Nearly Four Decades of Solidarity and Action
Since 1990, Global Exchange has been at the forefront of efforts to challenge the U.S. embargo on Cuba and to build relationships between communities in our two countries. Our grassroots education programs, Reality Tours, publications, speaking tours, and campaigns have helped shape public understanding of U.S.-Cuba relations for decades.
Global Exchange has supported people-to-people exchange between the United States and Cuba by organizing hundreds of educational delegations and enabling thousands of U.S. citizens to travel legally to the island. We have also brought Cuban cultural leaders, artists, and community voices to the United States through speaking tours and public events. These exchanges have helped challenge the isolation that U.S. policy has tried to impose.
Our Cuba work began in the late 1980s, when the Cuban Institute for Friendship with the Peoples approached Global Exchange to help facilitate exchanges between U.S. visitors and Cuban communities. Over time, these programs grew into one of the longest-running people-to-people initiatives connecting communities in the United States and Cuba.
Throughout our history, Global Exchange has stepped forward in moments of crisis to stand in solidarity with the Cuban people.

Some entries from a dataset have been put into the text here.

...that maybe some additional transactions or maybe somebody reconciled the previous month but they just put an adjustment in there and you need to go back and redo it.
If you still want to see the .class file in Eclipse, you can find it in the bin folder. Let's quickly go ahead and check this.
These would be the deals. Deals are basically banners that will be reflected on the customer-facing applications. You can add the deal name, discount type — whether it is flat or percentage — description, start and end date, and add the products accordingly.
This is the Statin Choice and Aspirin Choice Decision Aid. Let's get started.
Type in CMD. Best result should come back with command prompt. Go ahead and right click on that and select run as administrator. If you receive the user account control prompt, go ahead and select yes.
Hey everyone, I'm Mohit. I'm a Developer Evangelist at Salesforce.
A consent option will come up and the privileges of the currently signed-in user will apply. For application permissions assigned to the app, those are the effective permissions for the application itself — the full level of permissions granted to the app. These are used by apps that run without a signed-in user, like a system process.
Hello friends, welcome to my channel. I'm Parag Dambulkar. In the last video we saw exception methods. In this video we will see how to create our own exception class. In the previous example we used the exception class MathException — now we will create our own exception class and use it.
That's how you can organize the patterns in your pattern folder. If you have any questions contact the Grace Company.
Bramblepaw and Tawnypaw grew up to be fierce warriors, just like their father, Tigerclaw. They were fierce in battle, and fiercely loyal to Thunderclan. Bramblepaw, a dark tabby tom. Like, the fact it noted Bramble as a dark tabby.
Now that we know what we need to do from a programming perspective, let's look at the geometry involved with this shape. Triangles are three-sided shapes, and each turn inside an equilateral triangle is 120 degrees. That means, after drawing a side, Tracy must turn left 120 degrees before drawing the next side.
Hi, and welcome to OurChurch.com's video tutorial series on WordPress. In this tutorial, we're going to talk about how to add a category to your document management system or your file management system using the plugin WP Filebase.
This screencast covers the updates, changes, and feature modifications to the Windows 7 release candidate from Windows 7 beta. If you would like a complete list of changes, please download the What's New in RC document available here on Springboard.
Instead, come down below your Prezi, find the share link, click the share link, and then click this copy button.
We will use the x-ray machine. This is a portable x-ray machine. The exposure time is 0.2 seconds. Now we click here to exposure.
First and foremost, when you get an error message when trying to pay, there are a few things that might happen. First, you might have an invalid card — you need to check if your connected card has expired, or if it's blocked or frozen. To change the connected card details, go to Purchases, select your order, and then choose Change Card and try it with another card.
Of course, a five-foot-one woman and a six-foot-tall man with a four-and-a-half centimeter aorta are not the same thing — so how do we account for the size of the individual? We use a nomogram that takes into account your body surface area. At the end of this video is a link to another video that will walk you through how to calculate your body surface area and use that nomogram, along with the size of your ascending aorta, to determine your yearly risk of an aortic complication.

In the early 1990s, during Cuba’s Special Period following the collapse of the Soviet Union, Global Exchange launched the Soy Cuba campaign, mobilizing people across the United States to stand with Cuban communities facing severe shortages of fuel, food, and medicine and to build understanding about the impact of U.S. policy on everyday life.
In the mid-1990s, Global Exchange directly challenged U.S. embargo restrictions through a campaign called It’s Time to Play Ball with Cuba. During that effort, the Treasury Department’s Office of Foreign Assets Control froze Global Exchange’s bank account because of our work to challenge travel and trade restrictions. Our leadership and board members traveled to Washington, D.C. to advocate for legal pathways for exchange. That period contributed to the expansion of people-to-people travel licenses, which allowed organizations like Global Exchange to legally organize educational delegations to Cuba.